__EXERCISE BRIEF__. Having found the line that holds "ORNAMENTAL GLIMMER 2-Door", give that line and all lines after it again, word for word, through the end of the data below.

__SUPPLIED RECORDS__.
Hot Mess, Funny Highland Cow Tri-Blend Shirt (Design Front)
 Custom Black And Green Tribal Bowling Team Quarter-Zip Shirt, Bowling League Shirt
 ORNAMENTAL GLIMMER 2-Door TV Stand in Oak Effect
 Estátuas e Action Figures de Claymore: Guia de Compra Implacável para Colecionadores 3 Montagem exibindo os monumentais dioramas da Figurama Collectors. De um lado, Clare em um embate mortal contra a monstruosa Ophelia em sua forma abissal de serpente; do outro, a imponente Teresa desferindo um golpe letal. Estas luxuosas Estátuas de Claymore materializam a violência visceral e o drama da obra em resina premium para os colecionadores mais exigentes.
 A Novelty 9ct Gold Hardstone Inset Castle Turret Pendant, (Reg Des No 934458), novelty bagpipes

__RESPONSE TO THIS EXERCISE__.
 ORNAMENTAL GLIMMER 2-Door TV Stand in Oak Effect
 Estátuas e Action Figures de Claymore: Guia de Compra Implacável para Colecionadores 3 Montagem exibindo os monumentais dioramas da Figurama Collectors. De um lado, Clare em um embate mortal contra a monstruosa Ophelia em sua forma abissal de serpente; do outro, a imponente Teresa desferindo um golpe letal. Estas luxuosas Estátuas de Claymore materializam a violência visceral e o drama da obra em resina premium para os colecionadores mais exigentes.
 A Novelty 9ct Gold Hardstone Inset Castle Turret Pendant, (Reg Des No 934458), novelty bagpipes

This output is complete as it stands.